I have rediscovered a surprisingly useful primary-school-level form of play: cutting and sticking.
This is for those times when you have handed in draft of your Introduction, or whatever, and your supervisor says: OK, good, but you need to change XYZ, you need to put your research questions a LOT earlier, you need to rethink this bit... (so basically: you need to make lots of changes to the structure. Your heart sinks at the thought of injuring the already-written paragraphs; you know very well that, to make your research questions fit in earlier, you will have to change things around. You procrastinate and don't want to do it.)
Print your introduction, or chapter, or article, or whatever it is that you can no longer stand to look at (go to 'print', then 'layout', then select 'four pages per sheet', so it's really teeny and doesn't take up loads of space). Get some A4 paper from your endless supply of scrap paper (those 1001 old drafts under your desk) and stick two bits together. This will be your background.

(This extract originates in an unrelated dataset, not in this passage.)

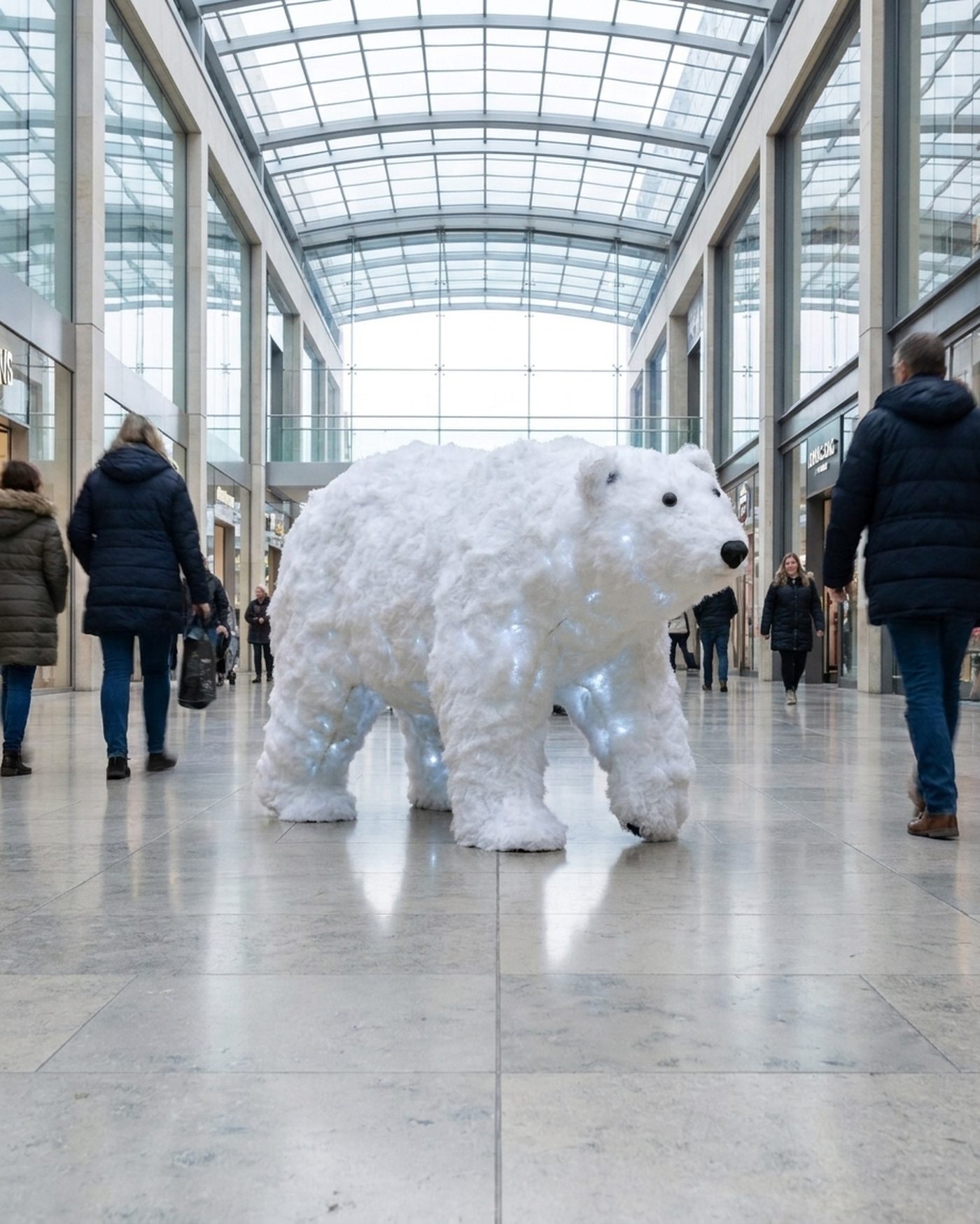 A polar bear, lit cool white — concept render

Get some tape (prefferably artists' masking tape - comes off easily, so you can re-arrange things) and some scissors - and start cutting and sticking paragraphs!
This works for me beautifully because: it stops me getting fixated on the wording of some footnote or other; it gets me to look at paragraphs as finished entities and move them around, without getting obsessed with their phrasing, etc; and it's easy to flip through pages, stand back, spot things and realise where they could go, what goes with what, etc. This means that I have saved entire paragraphs from being endlessly rewritten (and thereby escaped the curse of eternal revisions...). It's also a lovely break from the computer. And then you just hop on the computer later and search for the relevant paragraphs in the document and arrange them in order - a nice mechanical task now that you have a poster-size version of your 'Introduction' on hand to follow!
I have been dreading rereading and tweaking the chapters, because I knew I was liable to drown in details; I think this will help.
It's also just fun to do some cutting and sticking for a change. Dust down those old-school skills and enjoy working with a different bit of the brain.